Liquidation dominates; restructuring remains underused
A recurring observation in recent commentary is that liquidation remains the dominant endpoint for distressed companies in New Zealand. Voluntary administration, while available as a restructuring tool, continues to be used sparingly compared with overseas jurisdictions. The IoD’s article on insolvency noted that voluntary administration accounts for only a small proportion of formal appointments, despite its potential to preserve value in viable businesses.
From a governance perspective, this raises a critical question: are boards considering restructuring pathways early enough, or are options narrowing by the time advisers are engaged?
Three key insights for boards and directors
1. Insolvency risk emerges well before insolvency itself
Directors’ obligations around solvency are ongoing, not episodic. IoD course and CDC materials emphasise that directors must continually assess solvency, not just when making distributions. Boards that rely solely on historical financial statements risk missing early warning signs, such as deteriorating cash flow, covenant pressure or growing tax arrears.
Governance implication: Boards should insist on forward-looking information – particularly cash-flow forecasts – and agree in advance what triggers heightened oversight.
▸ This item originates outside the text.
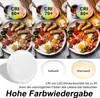 XINZI 15W LED Deckenleuchte mit Bewegungsmelder Kaltweiß Produktbild-Vorschau 6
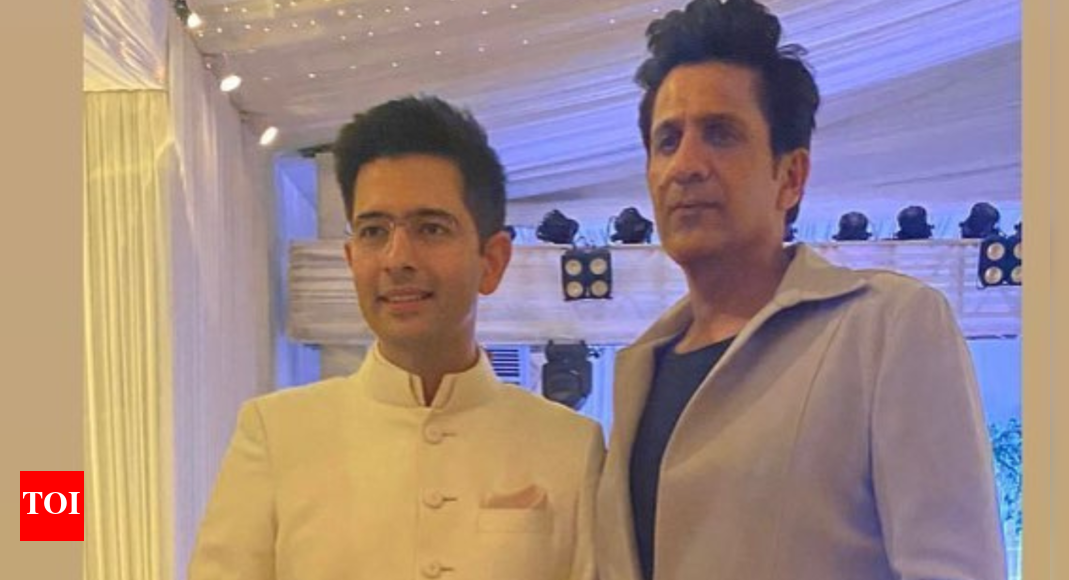 Raghav Chadha's uncle Pawan Sachdeva on designing his outfit: It is ...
2. Once solvency is in doubt, creditors matter more
If a company trades while insolvent or incurs obligations it cannot perform, directors face personal exposure. Administrators routinely review directors’ decisions, contracts and payments in the period leading up to insolvency. IoD materials make clear that liquidators will scrutinise whether directors breached duties under the Companies Act, including reckless trading provisions.
Governance implication: When solvency is uncertain, boards should explicitly consider creditors’ interests, seek independent advice and ensure decisions – and their rationale – are carefully minuted.
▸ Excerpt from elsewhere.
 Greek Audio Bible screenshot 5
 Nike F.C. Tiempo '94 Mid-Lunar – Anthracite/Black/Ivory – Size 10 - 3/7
3. The ‘grey zone’ is where boards add most value
Between normal trading and formal insolvency lies a grey zone where governance quality matters most. Early engagement with lenders, advisers and (where appropriate) restructuring options can materially change outcomes. Internal IoD commentary highlights that voluntary administration and other restructuring tools remain underutilised, suggesting missed opportunities for value preservation.
Governance implication: Boards should treat distress planning as part of good governance, not as a last-minute legal exercise.
What questions should directors ask?
- What are our leading indicators of solvency stress, and how often does the board see them? Directors should also complete the IoD Solvency Checklist
- At what point do we formally shift our focus to creditors’ interests, and how will that be recorded?
Do we have a clear protocol for obtaining independent advice and considering restructuring options if conditions deteriorate?
The bottom line?
The recent pattern of insolvency in New Zealand reinforces a longstanding governance truth: directors are judged less on the fact of insolvency and more on how they governed in the period before it. Boards that engage early, document carefully and understand their duties are far better placed to protect both their organisations and themselves.